*WHAT IS NEEDED:*
Each record should be given back exactly, with none missing.

*INFORMATION PROVIDED:*
= Beginning of Section =

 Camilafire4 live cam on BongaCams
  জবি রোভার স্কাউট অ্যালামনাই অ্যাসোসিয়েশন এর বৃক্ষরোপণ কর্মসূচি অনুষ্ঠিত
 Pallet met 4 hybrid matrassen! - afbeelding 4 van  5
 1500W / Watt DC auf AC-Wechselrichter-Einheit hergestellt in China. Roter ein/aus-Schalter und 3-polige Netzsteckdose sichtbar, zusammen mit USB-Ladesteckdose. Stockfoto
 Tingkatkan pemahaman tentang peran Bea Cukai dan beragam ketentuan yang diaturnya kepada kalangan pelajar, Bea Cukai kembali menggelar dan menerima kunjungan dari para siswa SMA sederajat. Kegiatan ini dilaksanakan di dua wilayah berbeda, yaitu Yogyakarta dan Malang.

= End of Section =

*TASK RESPONSE:*
 Camilafire4 live cam on BongaCams
  জবি রোভার স্কাউট অ্যালামনাই অ্যাসোসিয়েশন এর বৃক্ষরোপণ কর্মসূচি অনুষ্ঠিত
 Pallet met 4 hybrid matrassen! - afbeelding 4 van  5
 1500W / Watt DC auf AC-Wechselrichter-Einheit hergestellt in China. Roter ein/aus-Schalter und 3-polige Netzsteckdose sichtbar, zusammen mit USB-Ladesteckdose. Stockfoto
 Tingkatkan pemahaman tentang peran Bea Cukai dan beragam ketentuan yang diaturnya kepada kalangan pelajar, Bea Cukai kembali menggelar dan menerima kunjungan dari para siswa SMA sederajat. Kegiatan ini dilaksanakan di dua wilayah berbeda, yaitu Yogyakarta dan Malang.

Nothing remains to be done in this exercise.